Brook Green and West Kensington
The last of my London trip videos is another area that is special to me.
Not as picturesque perhaps as others, but it stands out in the area as being somehow quieter and set apart, streets of Victorian houses and mansion blocks (i.e. purpose-built blocks of flats in late 19th / early 20th century style), street trees, Brook Green itself meandering through along the path of a long-buried minor river, the remains of St Paul’s School and the new housing built on its land, St Paul’s Girls’ School where Gustav Holst was music master from 1905 until his untimely death in 1934, a row of little Iranian restaurants opposite the Olympia exhibition centre, Rowan Road where the poet Leigh Hunt lived his last years, the pub on the corner that used to be an inn where the stagecoaches changed over from the elegant horses used in town to the beasts that could get a coach to Bath faster than the wind (although the journey time to provincial capitals was still measured in days).

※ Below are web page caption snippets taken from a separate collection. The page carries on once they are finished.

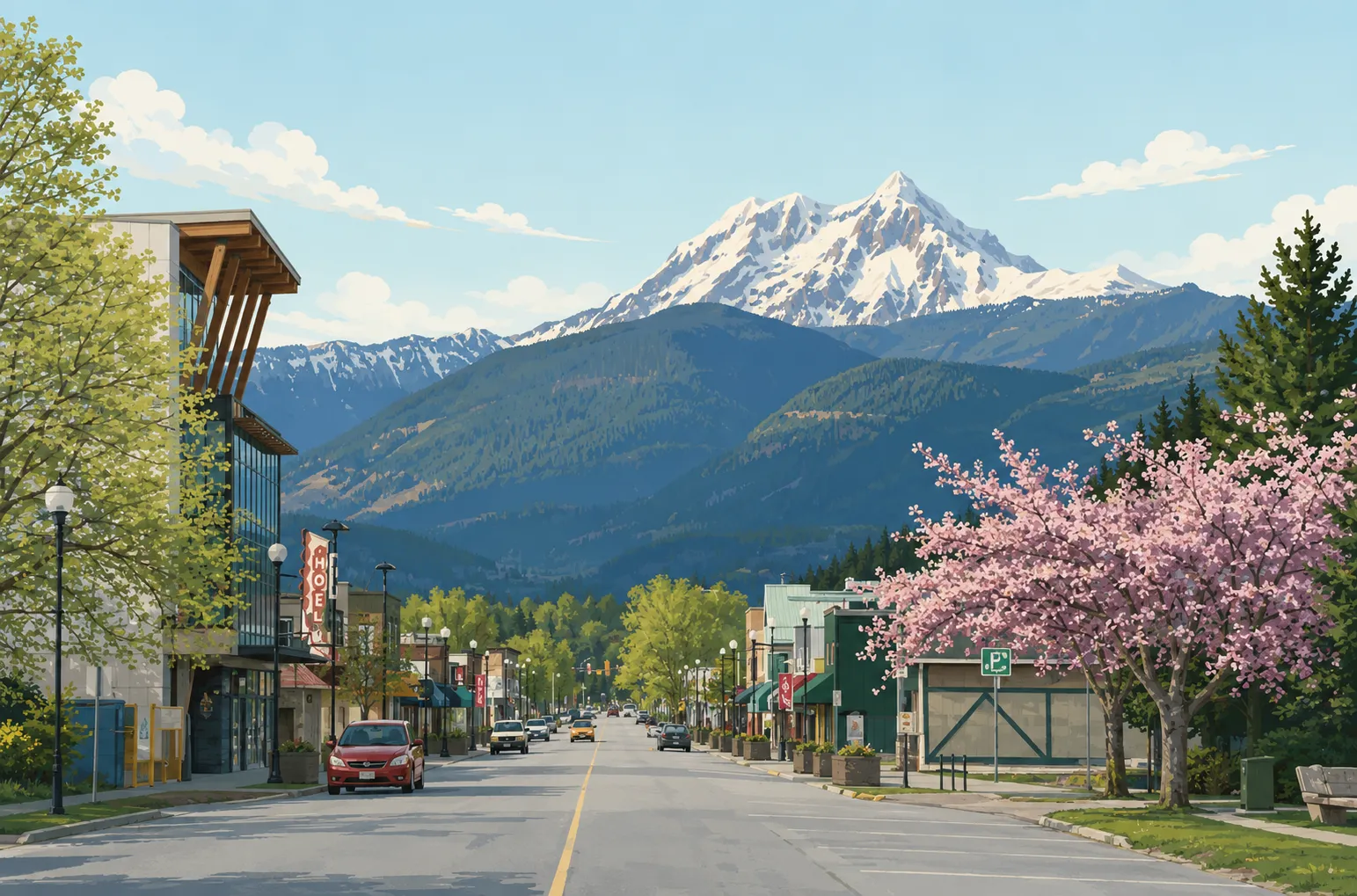 Illustration of downtown Squamish on Cleveland Avenue below a snow-capped Coast Mountain peak
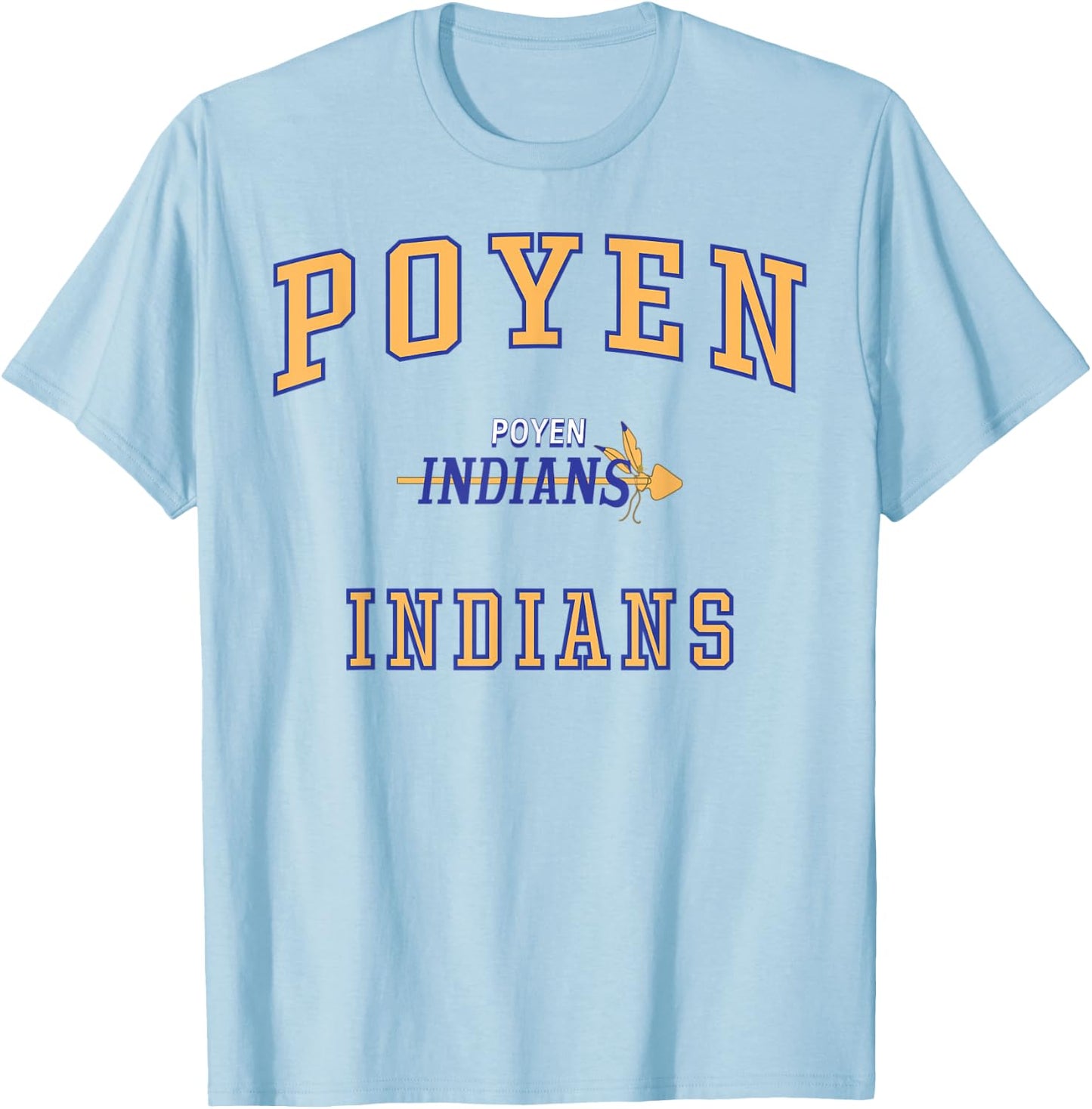 Poyen High School Indians C1 T-Shirt - T-Shirt | Light Blue
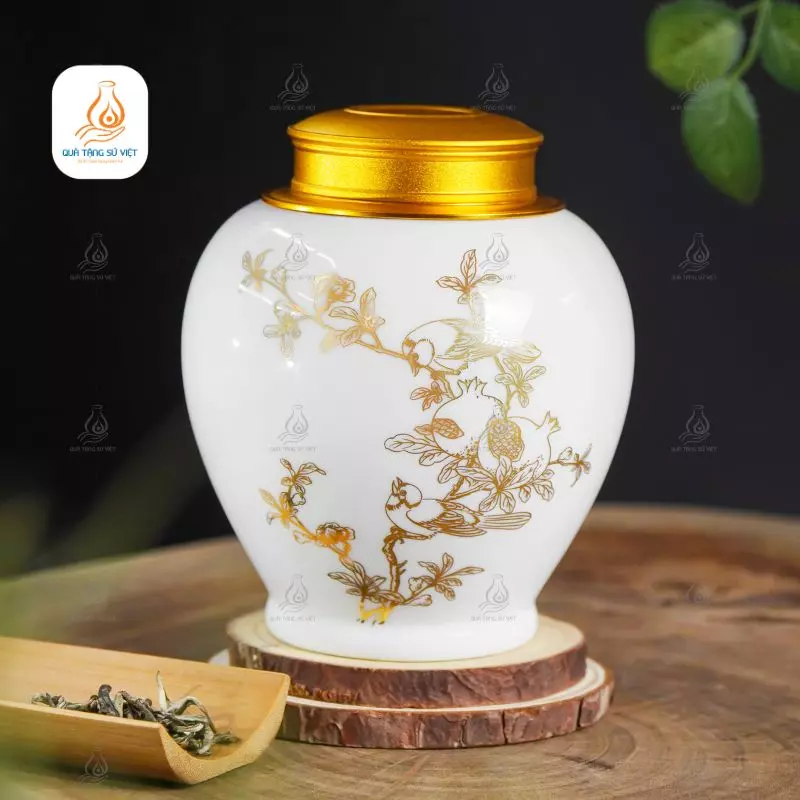 Hũ trà gốm men trắng họa tiết kẻ vàng kim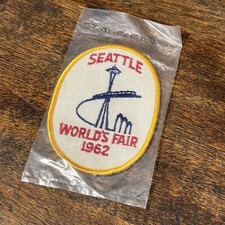 Vtg NOS 1962 Seattle World's Fair Embroidered Patch Space Needle MINT UNUSED D11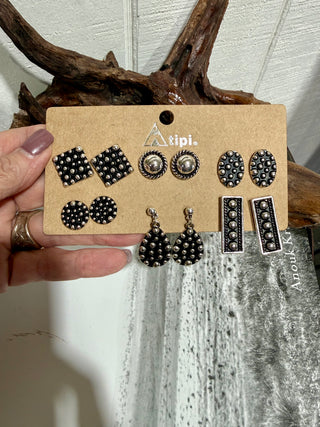 Western Studded Silver 6-Pair Earring Set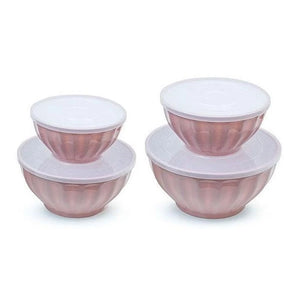 სასალათე ჯამების ნაკრები თავსახურებით Tableware Salad Bowl 4 PCS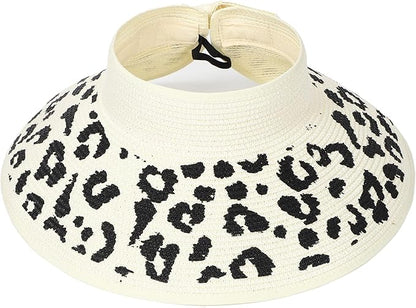 Womens Beach Straw Sun Hats Ponytail Hole Wide Brim Summer Visor Foldable Hat Sun Protection Packable for Travel Pool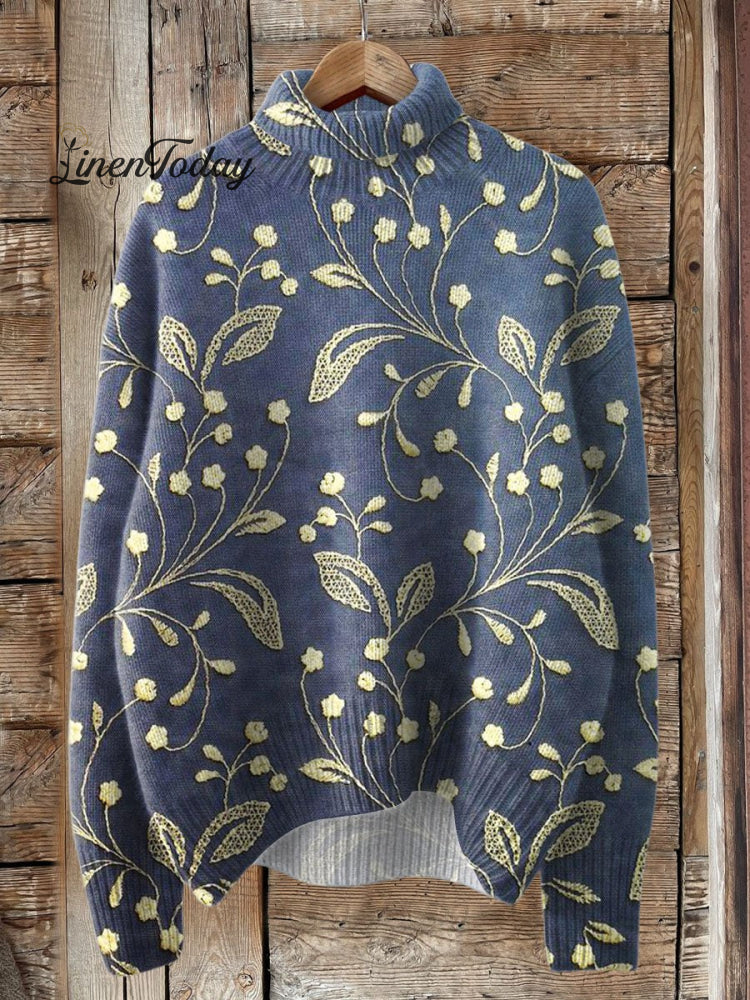 Vintage Lovely Floral Art Print Knit Turtleneck Pullover Sweater Multicolor / S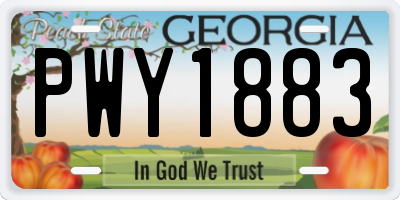 GA license plate PWY1883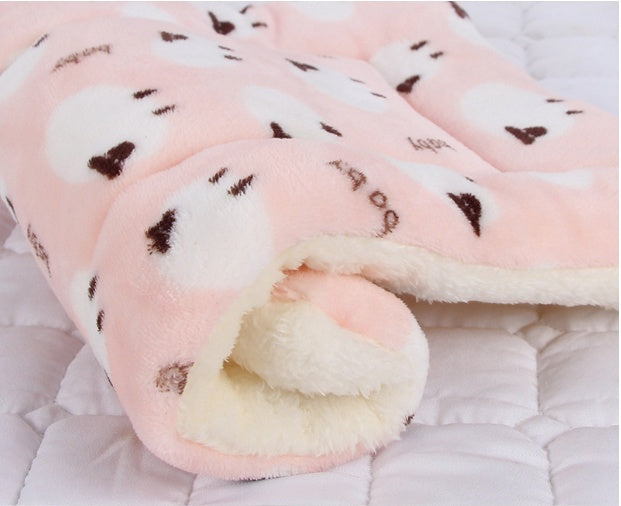 Winter Pet Litter Dog Cat Cage Cushion Quilt Teddy Golden Wool Thick Blanket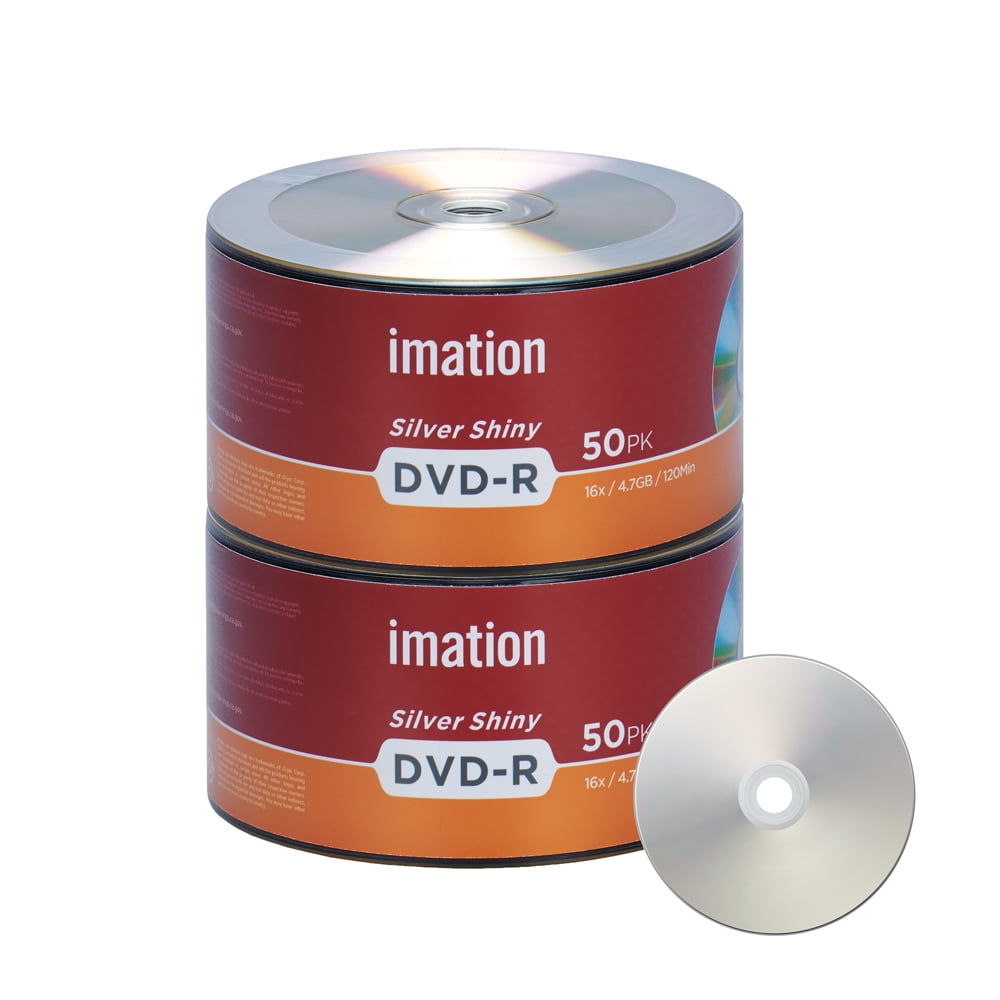 100 Pack Imation DVDR 16X 4.7GB/120Min Silver Shiny Blank Media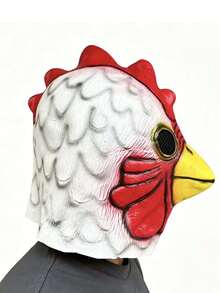 1pc Halloween Game Hotline Miami Chicken Mask, Funny Party Bar KTV Prop Rooster Head Mask - Multicolor - View 2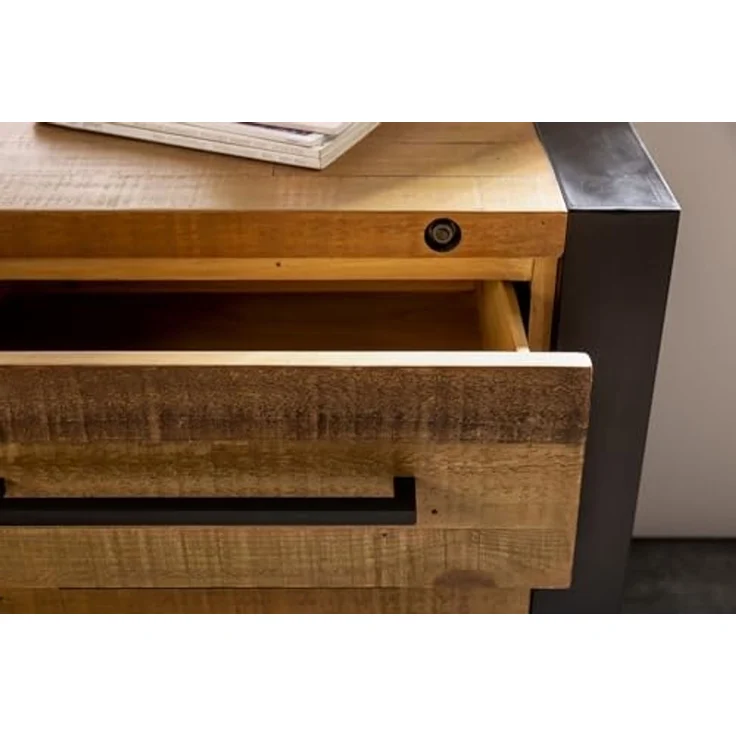 riess-ambiente Sideboard THOR 195cm vintage braun / schwarz (Einzelartikel, 1 St), Wohnzimmer · Massivholz · Metall · Kommode · Industrial Design – Bild 7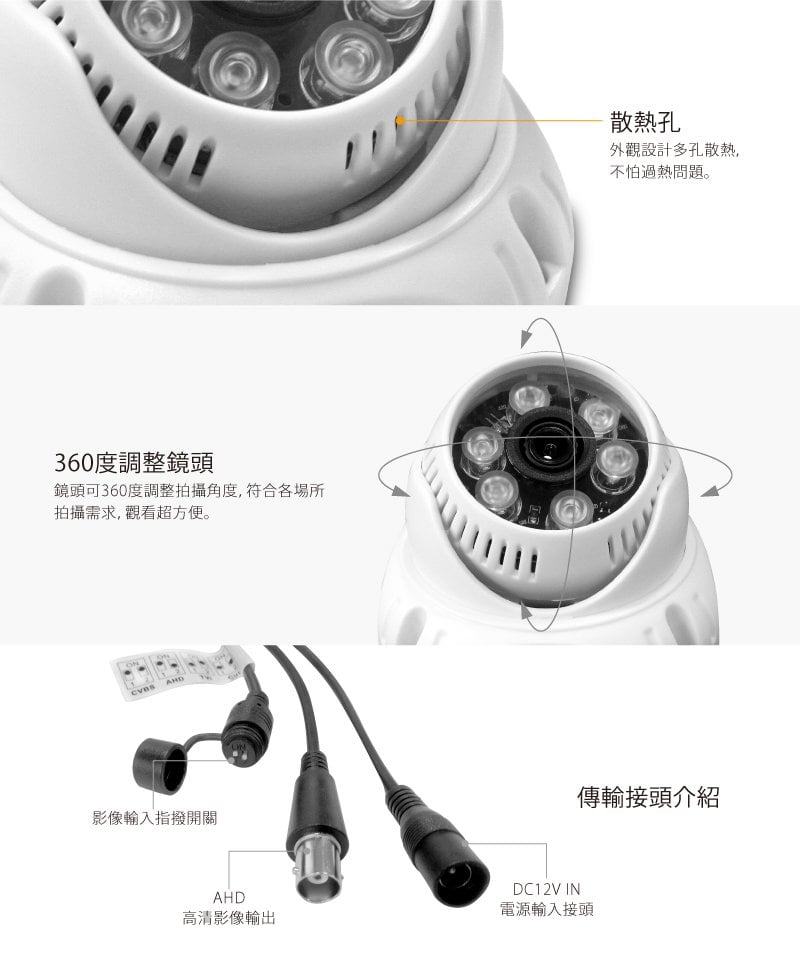 全視線 TS-95DH 五百萬高清 室內日夜兩用四合一夜視型 6顆紅外線LED攝影機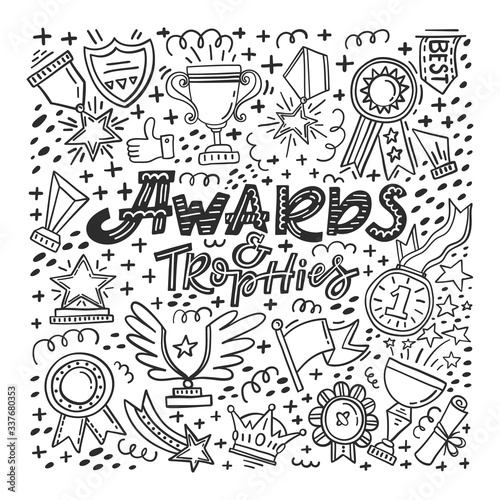 Trophy, medals, cups and awards icons set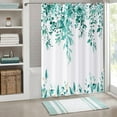 thumbnail image 3 of Teal Eucalyptus Leaves Shower Curtain, Teal Blue and Gold Watercolor Leaves Botanical Plants Bathroom Curtain Waterproof Fabric Machine Washable with Hooks, 36" Wx72 L, 3 of 6
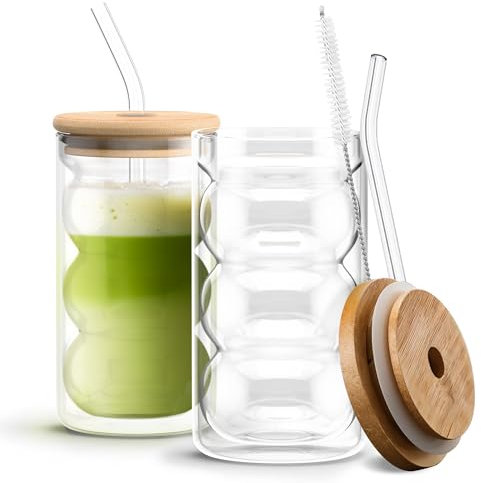 HAPPY PATH & CO - Juego de 2 vasos de burbujas acanalados de 480 ml, 2 vasos transparentes con 2 pajitas de vidrio dobladas, 2 tapas y cepillo de limpieza, para café helado, matcha, cócteles, batidos,
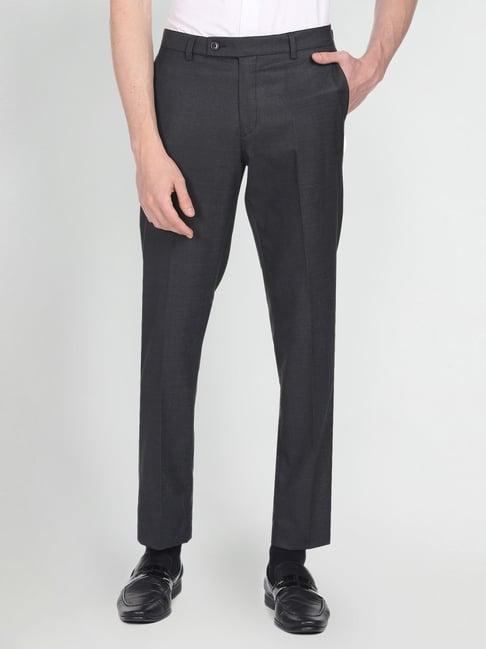 arrow grey melange regular fit trousers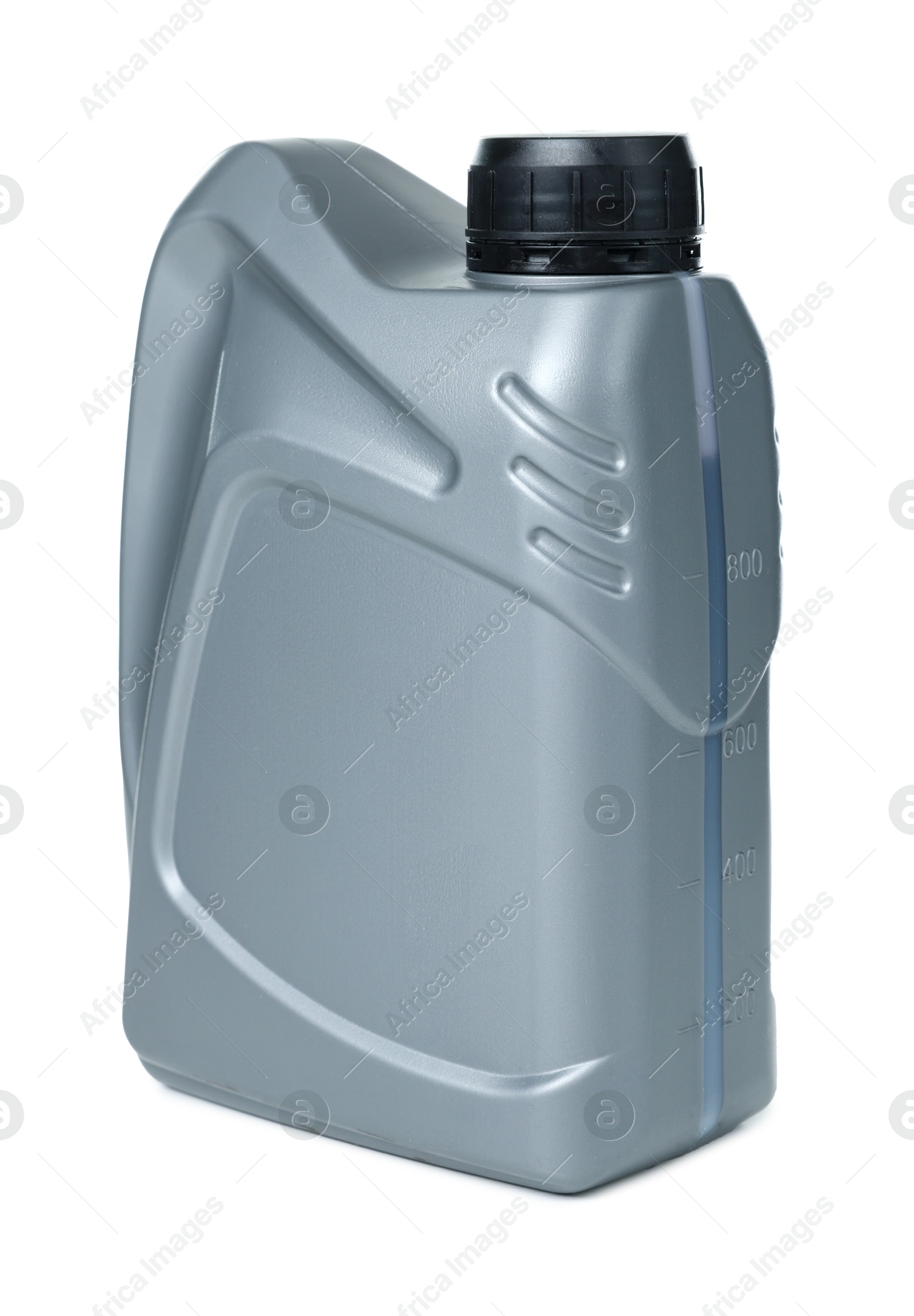 Motor oil in plastic canister isolated on white Photo of Motor oil in plastic canister isolated on white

Then when the stagecoaches stopped became a writers’ pub and later on (rebuilt) was a rock venue; the artists’ studios by the A4, huge windows to let in the unvarying northern light; well-heeled inner suburbia inhabited by media persons to this day; three Tube stations (if you include Olympia on its edge): West Kensington and Barons Court; where Gandhi lived, and H Rider Haggard, and Geoffrey de Havilland.
The first place I lived in London, and the first place I lived away from my family. I still dream of it regularly. Going back was strange because I dream of it so much that it didn’t seem real. But it was.